On 12/24/2015 05:11 PM, Xiao Guangrong wrote:
>
>
> On 12/24/2015 04:36 PM, Kai Huang wrote:
>>
>>
>> On 12/23/2015 07:25 PM, Xiao Guangrong wrote:
>>> Now, all non-leaf shadow page are page tracked, if gfn is not tracked
>>> there is no non-leaf shadow page of gfn is existed, we can directly
>>> make the shadow page of gfn to unsync
>>>
>>> Signed-off-by: Xiao Guangrong <[email protected]>
>>> ---
>>> arch/x86/kvm/mmu.c | 26 ++++++++------------------
>>> 1 file changed, 8 insertions(+), 18 deletions(-)
>>>
>>> diff --git a/arch/x86/kvm/mmu.c b/arch/x86/kvm/mmu.c
>>> index 5a2ca73..f89e77f 100644
>>> --- a/arch/x86/kvm/mmu.c
>>> +++ b/arch/x86/kvm/mmu.c
>>> @@ -2461,41 +2461,31 @@ static void __kvm_unsync_page(struct
>>> kvm_vcpu *vcpu, struct kvm_mmu_page *sp)
>>> kvm_mmu_mark_parents_unsync(sp);
>>> }
>>> -static void kvm_unsync_pages(struct kvm_vcpu *vcpu, gfn_t gfn)
>>> +static bool kvm_unsync_pages(struct kvm_vcpu *vcpu, gfn_t gfn,
>>> + bool can_unsync)
>>> {
>>> struct kvm_mmu_page *s;
>>> for_each_gfn_indirect_valid_sp(vcpu->kvm, s, gfn) {
>>> + if (!can_unsync)
>>> + return true;
>>> +
>>> if (s->unsync)
>>> continue;
>>> WARN_ON(s->role.level != PT_PAGE_TABLE_LEVEL);
>>> __kvm_unsync_page(vcpu, s);
>>> }
>>> +
>>> + return false;
>>> }
>> I hate to say but it looks odd to me that kvm_unsync_pages takes a
>> bool parameter called can_unsync,
>> and return a bool (which looks like suggesting whether the unsync has
>> succeeded or not).

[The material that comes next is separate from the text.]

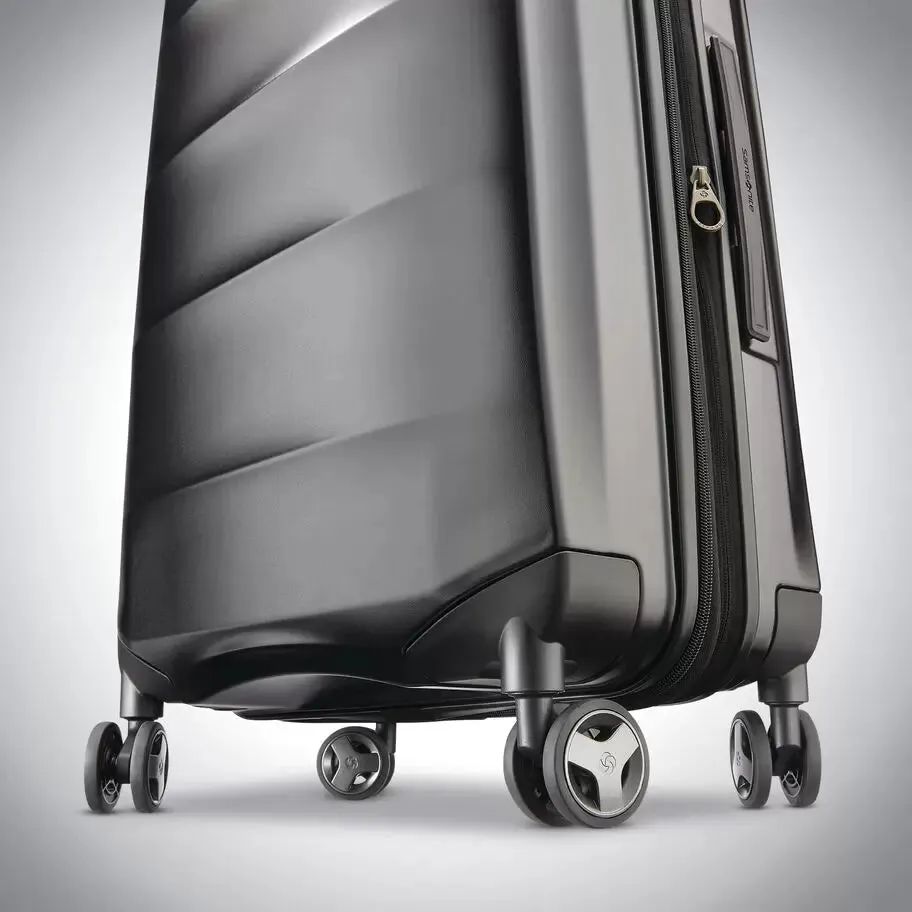 Samsonite Octiv 22 x 14 x 9 Carry-On Spinner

How about
>> calling __kvm_unsync_pages directly in mmu_need_write_protect, and
>> leave kvm_unsync_pages unchanged
>> (or even remove it as looks it is used nowhere else) ? But again it's
>> to you and Paolo.
>>
>
> Make senses, the updated version is attached, count you review it?
Sure and it looks good to me.
Thanks,
-Kai